== Given entries ==
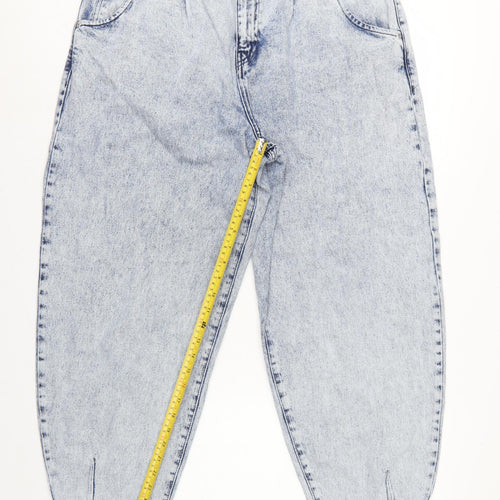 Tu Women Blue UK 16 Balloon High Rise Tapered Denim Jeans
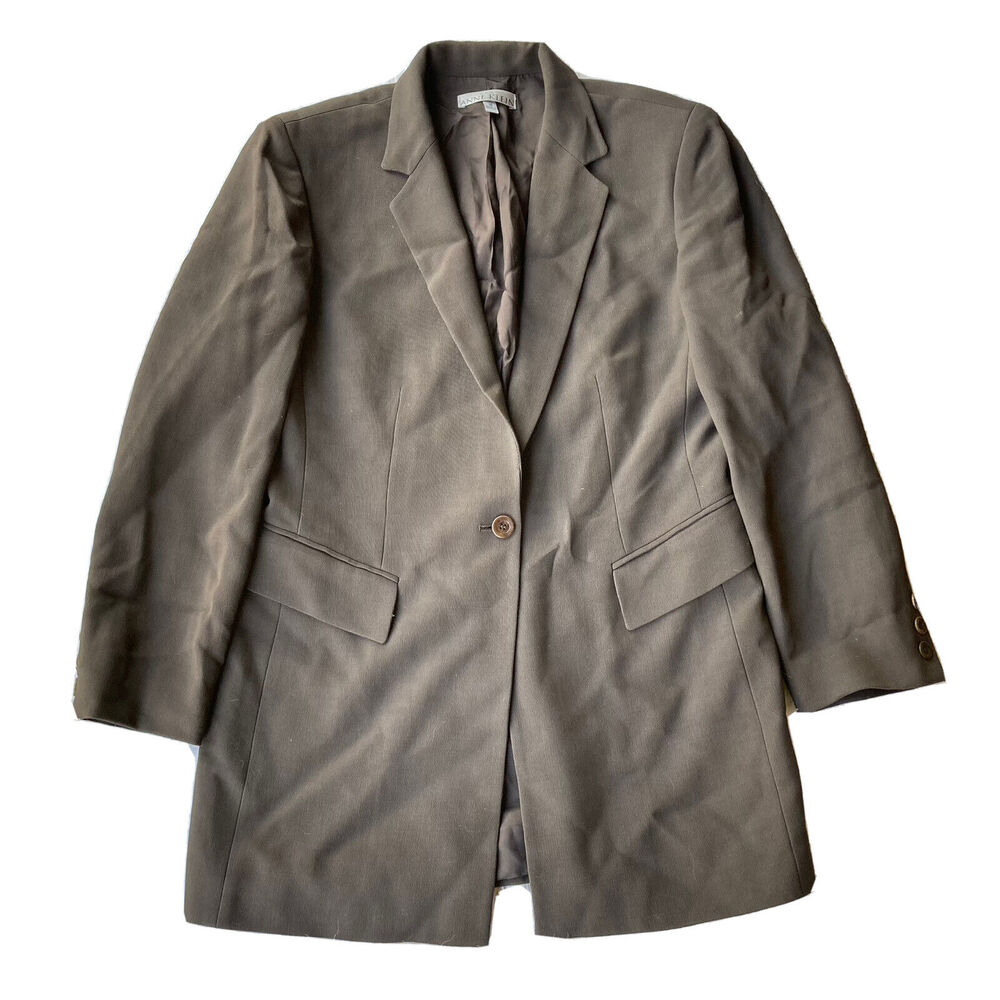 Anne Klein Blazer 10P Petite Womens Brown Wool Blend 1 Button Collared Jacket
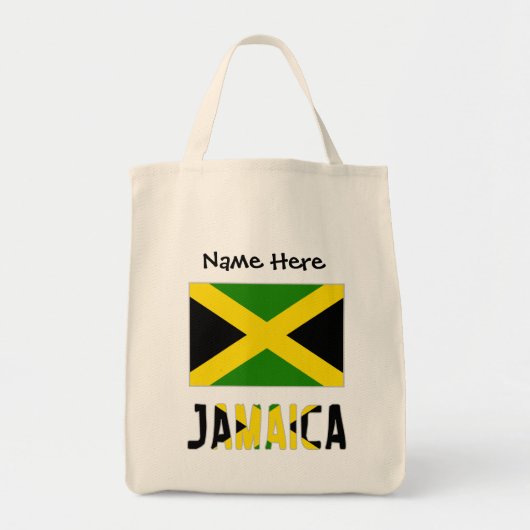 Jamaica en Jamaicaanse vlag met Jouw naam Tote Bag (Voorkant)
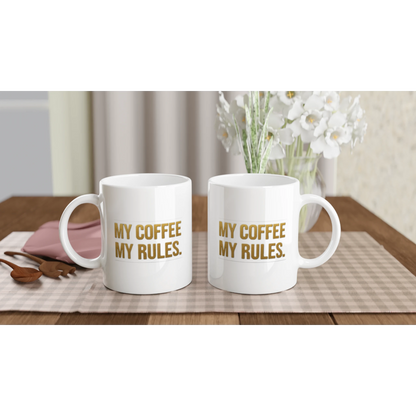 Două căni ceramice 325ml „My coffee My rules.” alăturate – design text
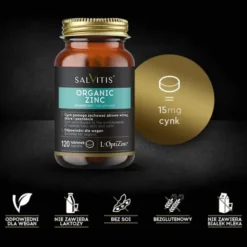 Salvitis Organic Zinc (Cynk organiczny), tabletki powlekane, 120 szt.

---

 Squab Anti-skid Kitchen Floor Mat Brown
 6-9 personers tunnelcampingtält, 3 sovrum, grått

== Your assignment ==
With the pictures omitted, copy the entries above exactly from the line containing "Două căni ceramice" through the line containing "Salvitis Organic Zinc", both lines included.

== Response area ==
 Două căni ceramice 325ml „My coffee My rules.” alăturate – design text
 Salvitis Organic Zinc (Cynk organiczny), tabletki powlekane, 120 szt.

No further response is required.